AWARE has also received financial grants that aren’t linked to specific projects, which the organization can use for educational campaigns and to cover administrative costs. Once again AWARE received $10,000 from the municipality’s grant-in-aid program. The Whistler Golf Club contributed part of the proceeds from its annual member’s day tournament, as did the Festival of Lights; Telus gives AWARE 10 cents for every old phone book; and Carney’s Waste Systems once again made a donation.

Through David Sanigan of Medallion Wines, AWARE will also receive a donation for every bottle and glass of Banrock Station wine sold in Whistler, which will go towards their wetlands project.

In addition to the summary of the year’s activities, the membership also elected and re-elected 14 new members for next year.

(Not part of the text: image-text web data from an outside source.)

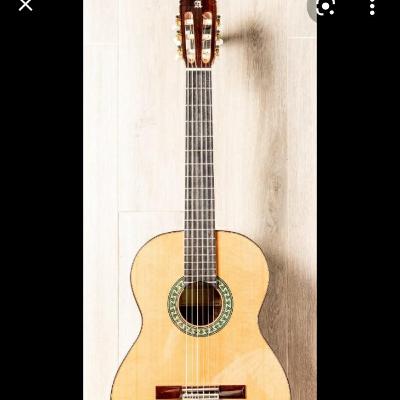 La guitarra española. Un pozo de viento y silencio.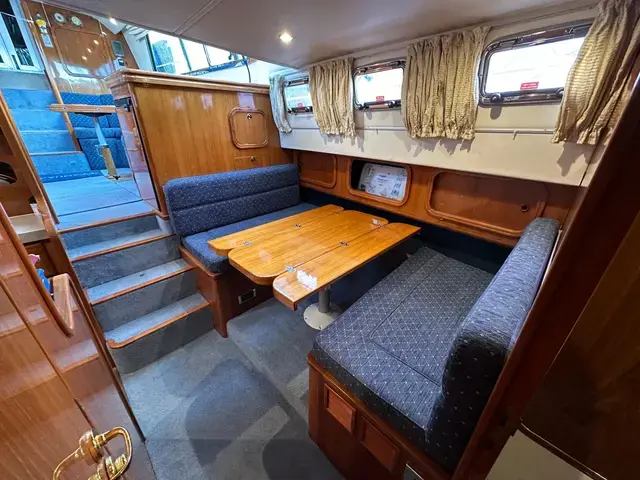 Aquastar Oceanranger 38 Aft Cabin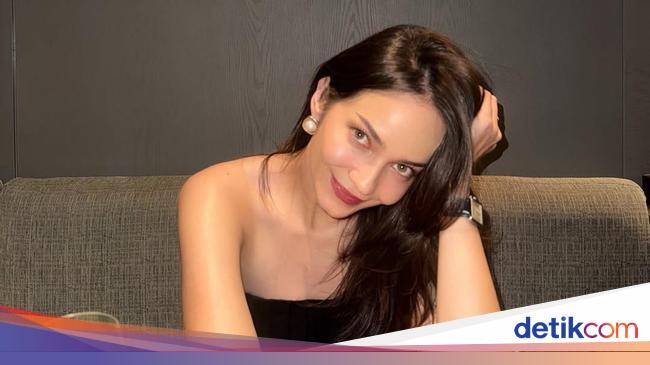 Enzy Storia Cedera Kaki Gegara Main Padel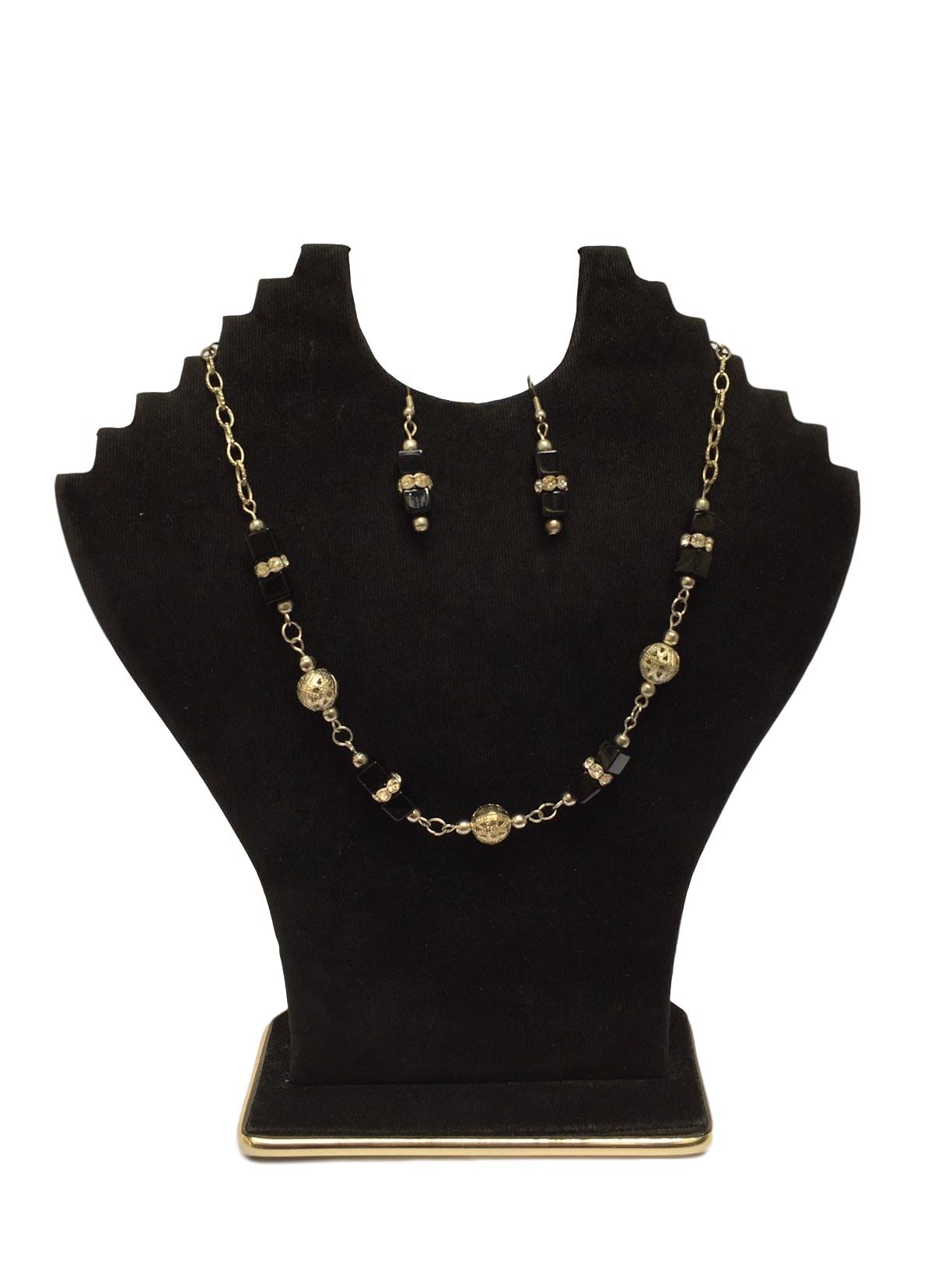 Collar de bolitas plateadas forradas en estilo filigrana con  piedras cúbicas negras y strass
Circunferencia: 44 cm 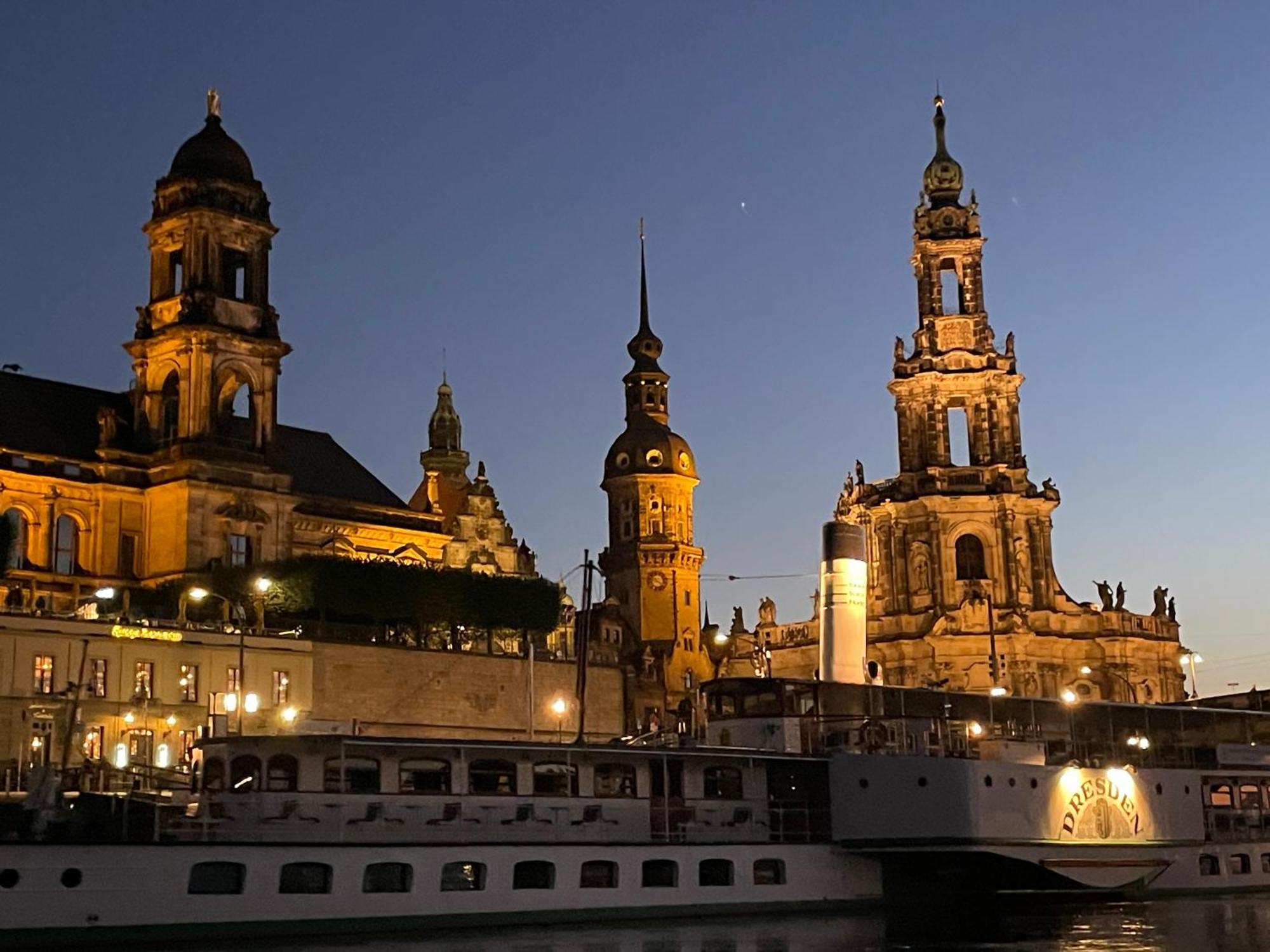 Ferienwohnungen Landeskrone Dresden Buitenkant foto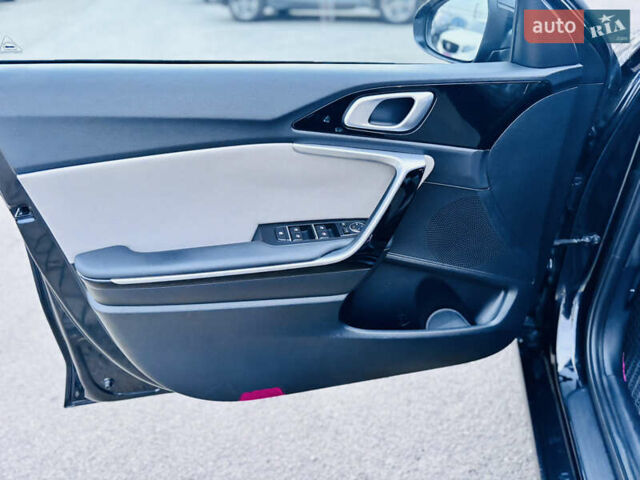 Чорний Кіа Сід, об'ємом двигуна 1.59 л та пробігом 71 тис. км за 15999 $, фото 34 на Automoto.ua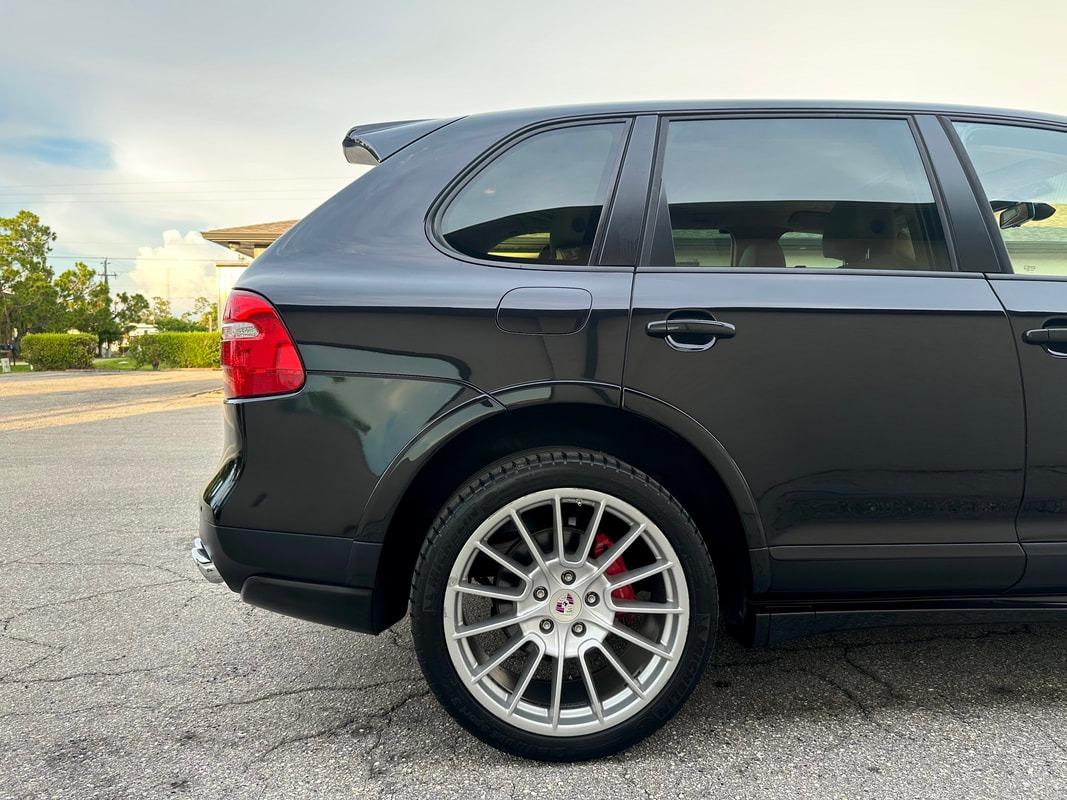 Sale Pending: 2010 Porsche Cayenne GTS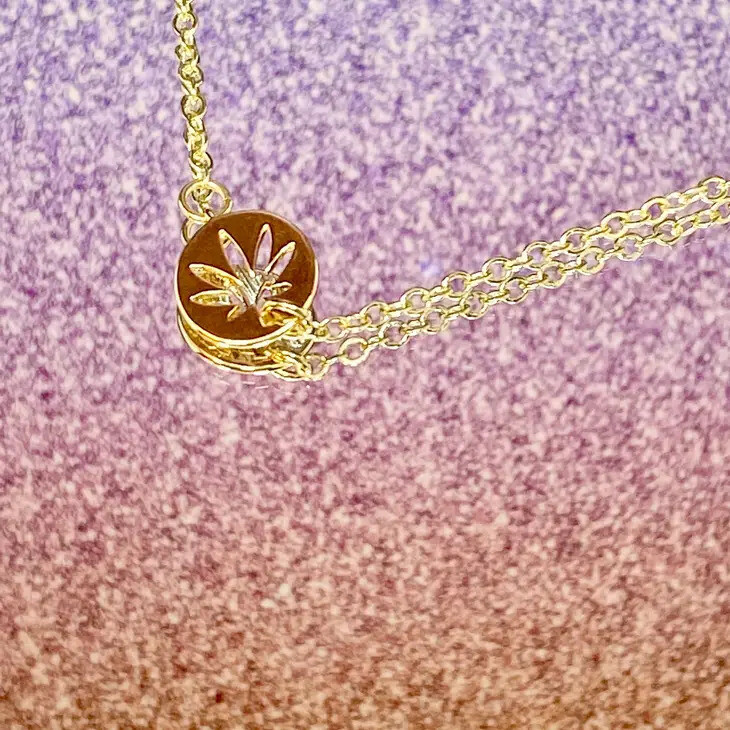 Hollow Leaf Necklace - Gold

Their positions on the board will be decided at a meeting on Jan. 21.

The 2002 board is Allana Hamm, Johnny Mikes, Mitch Rhodes, Inge Flannigan, Eckhard Zeidler, Judy Stockton, Brad Kasselman, Lisa Princic, Laura Princic, Michele Comeau, Jeff Moore, Wendy Horan, Keenan Moses and Sue Stangel.

Rhodes says he will accept the presidency once again if the board is in favour of it.

"It was a fantastic experience," he says. "This was my second year in AWARE, and in the president’s role I think I was able to carry on a little more with some of the strategic planning issues we started in the year 2000.

"We’re taking an educational approach at this point, educating people as to what we’re all about, as opposed to the more traditional position with business groups, which is adversarial."

Membership will be a huge focus for AWARE in 2002, and with funding in hand and a project co-ordinator to help out, Rhodes feels AWARE is in a good position to improve its visibility in the community.

Another priority is to secure alternate sources of funding that will allow AWARE to continue to pay a project co-ordinator to help organize activities, fundraising and membership drives.